Phil Barney singles chronology
|  | "Un Enfant de toi" (1987) | "Avec qui tu vis" (1988) |
| "Loin de tes bras" (1992) | "Un Enfant de toi" (2002) |  |

Alternative cover
- 2002 release, with Marlène Duval

= Un enfant de toi =

1987 single by Phil Barney

"Un Enfant de toi" is a 1987 pop song recorded by the French singer Phil Barney. It was released as a single twice : first in 1987 from the album Recto-verseau, then as a duet with Marlène Duval in 2002. Both versions were hits, reaching the top three on the French Singles Chart, and the cover version being more successful than the original.

==Background==
"Un Enfant de toi" was written and the music composed by Pierre Zito and Phil Barney.

With a romantic melody, the song deals with the story of a man whose wife is pregnant. However, the delivery takes place badly and the woman dies by giving birth to a boy, named Jason. The father, who addresses directly his deceased wife in the song, tells ten years later how he brought up their son.

In 2002, Marlène Duval, a contestant of the French TV reality show Loft Story 2, regularly sang the song when she participated in the show. Therefore, when she came out the loft, Barney proposed her to recording the song in a duet version. She accepted and the song was released as a single. The two singers started a tour to promote the song.

==Chart performances==
In France, the original version charted for 23 weeks in the top 50, from 5 September 1987 to 6 February 1988. It debuted at the bottom of the chart and eventually reached a peak of number three in its 10th and 15th weeks. It remained in the top ten for ten consecutive weeks. The single earned a Gold disc awarded by the Syndicat National de l'Édition Phonographique.

The duet version entered the French Singles Chart at number 70 on 1 June 2002, although being officially released three days later (several stores sold it before the official date). It directly climbed to number two, topped the chart for three consecutive weeks, then dropped on the chart, totalling seven weeks in the top ten, 16 weeks in the top 50 and 21 weeks on the chart (top 100). About one month after its release, it was certified Platinum disc and ranked at 12 on the year-end. As of July 2014, it is the 89th best-selling single of the 21st century in France, with 321,000 units sold.

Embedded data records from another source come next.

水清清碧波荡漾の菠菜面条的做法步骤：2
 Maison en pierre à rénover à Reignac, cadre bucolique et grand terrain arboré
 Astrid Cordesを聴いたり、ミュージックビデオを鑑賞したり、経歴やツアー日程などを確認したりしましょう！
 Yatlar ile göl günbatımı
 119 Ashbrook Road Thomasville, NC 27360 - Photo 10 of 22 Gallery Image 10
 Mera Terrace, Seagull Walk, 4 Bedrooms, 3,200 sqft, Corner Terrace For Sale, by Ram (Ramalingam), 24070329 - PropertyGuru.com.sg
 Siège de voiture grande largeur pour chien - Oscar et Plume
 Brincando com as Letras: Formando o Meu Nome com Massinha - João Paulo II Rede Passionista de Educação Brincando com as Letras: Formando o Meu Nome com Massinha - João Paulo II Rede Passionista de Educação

On 29 June 2002, the single started at number 20 on the Belgian (Wallonia) Ultratop 40, then jumped straight to number one. It stayed there for four weeks, then kept on dropping and fell off the chart after 14 weeks. It was the 13th best-selling single of 2002.

==Track listings==
- 1987 version
  - 7" single
1. "Un Enfant de toi" – 3:46
2. "Ma Vie c'est la musique" – 4:12

- 2002 version
  - CD single
3. "Un Enfant de toi" by Phil Barney and Marlène Duval – 4:05
4. "Un Enfant de toi (instrumental) – 4:05

==Charts==

===Peak positions===

| Chart (1987) | Peak position |
|---|---|
| Eurochart Hot 100 | 28 |
| French SNEP Singles Chart | 3 |
| Chart (2002) | Peak position |
| Belgian (Wallonia) Singles Chart | 1 |
| French SNEP Singles Chart | 1 |

===Year-end charts===

| Chart (2002) | Position |
|---|---|
| Belgian (Wallonia) Singles Chart | 13 |
| Europe (Eurochart Hot 100) | 92 |
| French Singles Chart | 12 |

===Certifications===

| Region | Certification | Certified units/sales |
| France (SNEP) 1987 solo version | Gold | 500,000^{*} |
| France (SNEP) 2002 Duet version | Platinum | 500,000^{*} |
^{*} Sales figures based on certification alone.